A Travellerspoint blog

August 2019

Friendly German Schoolkids Brighten Visit

Youth hostels in Germany were cozy & inexpensive places to stay

overcast 76 °F

The thing I remember most about Germany in the summer of 1981 was the friendliness of the school kids. Groups of them seemed to be in all the youth hostels I stayed in during my backpack across Europe.

The friendliest batch were the schoolgirls I met in Trier. They saw me inking in my sign for the next day's hitchhike and descended upon me. They peppered me with questions about the United States, eager to practice their English.
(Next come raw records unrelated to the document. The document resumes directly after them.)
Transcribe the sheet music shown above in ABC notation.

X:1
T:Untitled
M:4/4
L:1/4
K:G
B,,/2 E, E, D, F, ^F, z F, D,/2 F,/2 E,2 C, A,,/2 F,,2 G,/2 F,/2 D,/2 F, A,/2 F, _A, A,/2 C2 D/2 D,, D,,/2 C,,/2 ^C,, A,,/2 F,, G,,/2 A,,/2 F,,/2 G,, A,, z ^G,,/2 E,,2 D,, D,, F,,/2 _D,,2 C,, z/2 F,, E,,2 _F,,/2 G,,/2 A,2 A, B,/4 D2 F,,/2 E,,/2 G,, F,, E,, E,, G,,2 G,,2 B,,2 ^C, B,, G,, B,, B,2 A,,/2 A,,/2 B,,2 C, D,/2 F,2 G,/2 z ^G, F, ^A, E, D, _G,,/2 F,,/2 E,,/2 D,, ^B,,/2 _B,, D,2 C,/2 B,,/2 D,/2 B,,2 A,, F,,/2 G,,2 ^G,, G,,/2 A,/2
Then, they decided they each wanted an American pen pal. To my friends back home eventual dismay, I described each of them in detail, offering them up. As one of the girls picked each one, I duly gave away their addresses. A girl from Hamburg became my pen pal and we wrote for quite a few years.

Besides Trier with its Roman ruins, I spent nights in Saarbrucken, Mannheim, Weinheim, Karlsruhe, Ulm and Memminghem. I think the best was the three nights (the max you're supposed to stay in a hostel) in Weinheim. The Rhine-Neckar valley around Weinheim was dotted with castles. I picked up a regional map at the tourist office that showed each's location. I hiked to them all, exploring their grounds, reveling in their stark, weathered look. These were the first castles I'd seen. As a military history buff, I was captivated.
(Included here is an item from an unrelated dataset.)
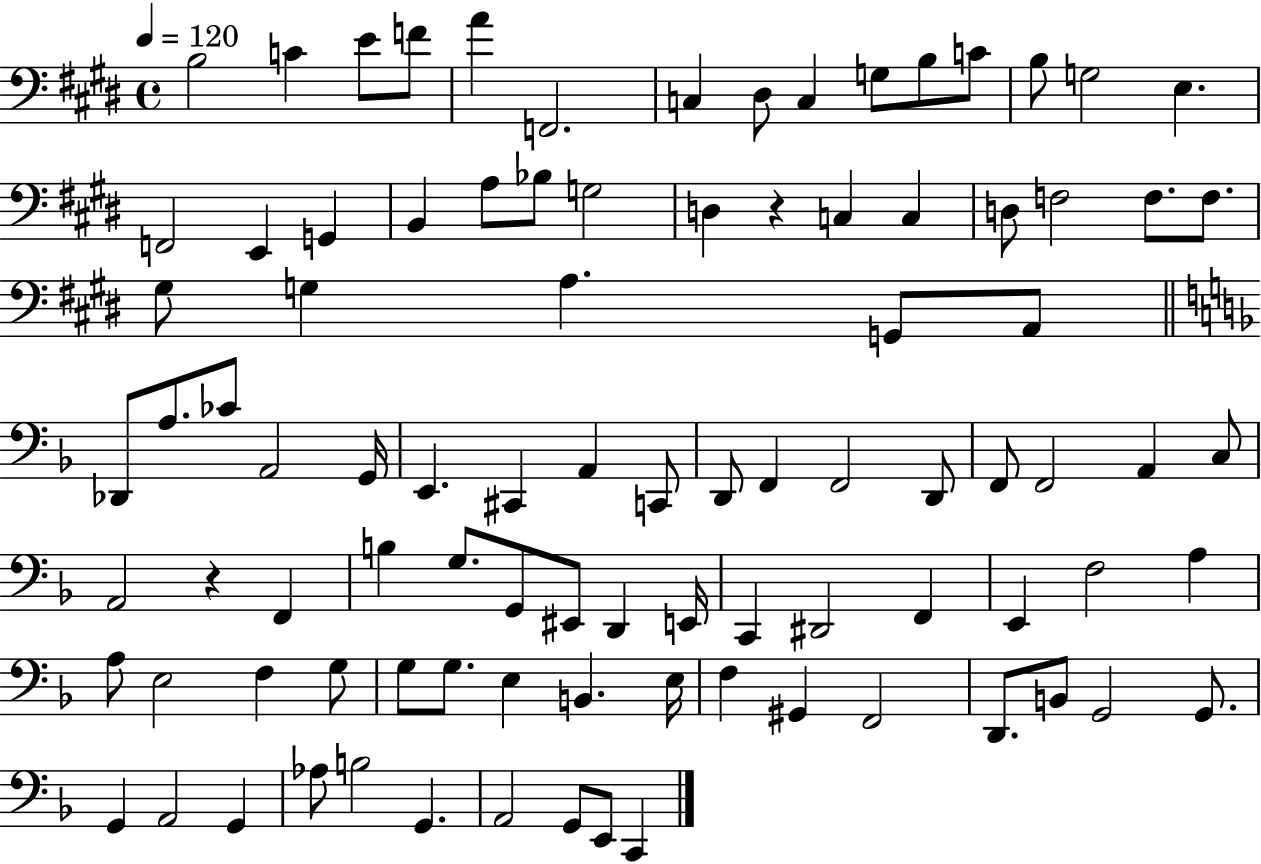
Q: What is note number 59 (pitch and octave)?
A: E2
The youth hostel itself was nice, too. There were only four bunk beds per room. Each pair of rooms shared a shower, although both had sinks for washing up. There were ping pong tables, a "walk on" chessboard and numerous other amenities. The cost in deutsche marks translated to $5 a night, which included breakfast.

On a less positive note, I remember a hungry Sunday in Memminghem, in Bavaria. I'd lost track of the day of the week and didn't exchange enough for the weekend. So, I had to s-t-r-e-t-c-h my last few marks. I walked to all the grocery stores, checking prices and figuring out how to get the most food for my money. Lunch and dinner were bread, butter and water. Some may laugh and say "what kind of vacation is that?" However, I feel that inside each of us there is a soul that determines what kind of person we are. Privation, hunger and hard times can HONE this soul, make it sharper, clearer. The medieval monks felt the same way and fasted regularly. Anyway, I awoke the next morning eager to break my fast at the hostel's breakfast. Despite having plenty of food left over, they would not let me have "seconds." Each guest was given his strictly prescribed portion. The knot of hunger would not be untied until that afternoon, in Austria, when the banks opened and I could exchange money and gorge myself.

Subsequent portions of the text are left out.